MT quality metrics
Here we describe the machine translation metrics (reference-based metrics) that we use in MT Studio.
COMET
COMET is a neural framework for training multilingual machine translation evaluation models which obtains new state-of-the-art levels of correlation with human judgements. COMET predicts machine translation quality using information from both the source input and the reference translation. The greater the score, the closer a translation is to the reference translation. As of February 2022, MT Studio uses COMET version 1.0.1.
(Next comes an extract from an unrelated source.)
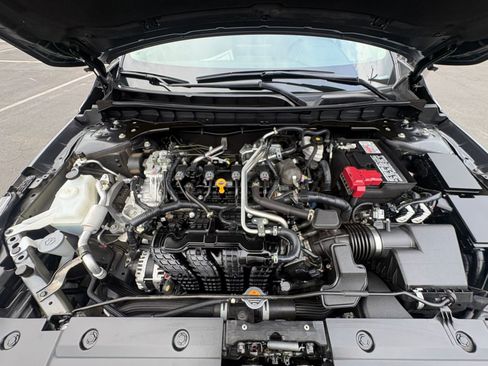Used 2025 Nissan Altima 2.5 SV FWD image 32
COMET-QE is a model similar to the main COMET model that predicts MT quality without reference translations.
References
- COMET, the new standard for machine translation evaluation
- COMET: A Neural Framework for MT Evaluation
- COMET implementation
- COMET-QE
Supported languages: Afrikaans, Albanian, Amharic, Arabic, Armenian, Assamese, Azerbaijani, Basque, Belarusian, Bengali, Bengali Romanized, Bosnian, Breton, Bulgarian, Burmese, Burmese, Catalan, Chinese (Simplified), Chinese (Traditional), Croatian, Czech, Danish, Dutch, English, Esperanto, Estonian, Filipino, Finnish, French, Galician, Georgian, German, Greek, Gujarati, Hausa, Hebrew, Hindi, Hindi Romanized, Hungarian, Icelandic, Indonesian, Irish, Italian, Japanese, Javanese, Kannada, Kazakh, Khmer, Korean, Kurdish (Kurmanji), Kyrgyz, Lao, Latin, Latvian, Lithuanian, Macedonian, Malagasy, Malay, Malayalam, Marathi, Mongolian, Nepali, Norwegian, Oriya, Oromo, Pashto, Persian, Polish, Portuguese, Punjabi, Romanian, Russian, Sanskri, Scottish, Gaelic, Serbian, Sindhi, Sinhala, Slovak, Slovenian, Somali, Spanish, Sundanese, Swahili, Swedish, Tamil, Tamil Romanized, Telugu, Telugu Romanized, Thai, Turkish, Ukrainian, Urdu, Urdu Romanized, Uyghur, Uzbek, Vietnamese, Welsh, Western, Frisian, Xhosa, Yiddish.
TER
Translation Edit Rate (TER) is an automatic metric based on edit distance. It measures the number of edits (insertions, deletions, shifts, and substitutions) required to transform the MT output to the reference. It shows how much a human would have to edit a machine translation output to make it identical to a given reference translation. The corpus TER score is the total number of edits divided by the total number of words and multiplied by 100. TER ranges from 0 to infinity. The greater the score, the farther a translation is from reference.
References
- Snover, Matthew, Bonnie J. Dorr, R. Schwartz and L. Micciulla. “A Study of Translation Edit Rate with Targeted Human Annotation.” (2006).
- TER implementation
Supported languages: As an n-gram metric, TER supports all languages
BLEU
BLEU is an automatic metric based on n-grams. It measures the precision of n-grams of the machine translation output compared to the reference, weighted by a brevity penalty to punish overly short translations. We use a particular implementation of BLEU, called sacreBLEU. It outputs corpus scores, not segment scores. BLEU ranges from 0 to 90. The greater the score, the closer a translation is to reference.
References
- Papineni, Kishore, S. Roukos, T. Ward and Wei-Jing Zhu. “Bleu: a Method for Automatic Evaluation of Machine Translation.” ACL (2002).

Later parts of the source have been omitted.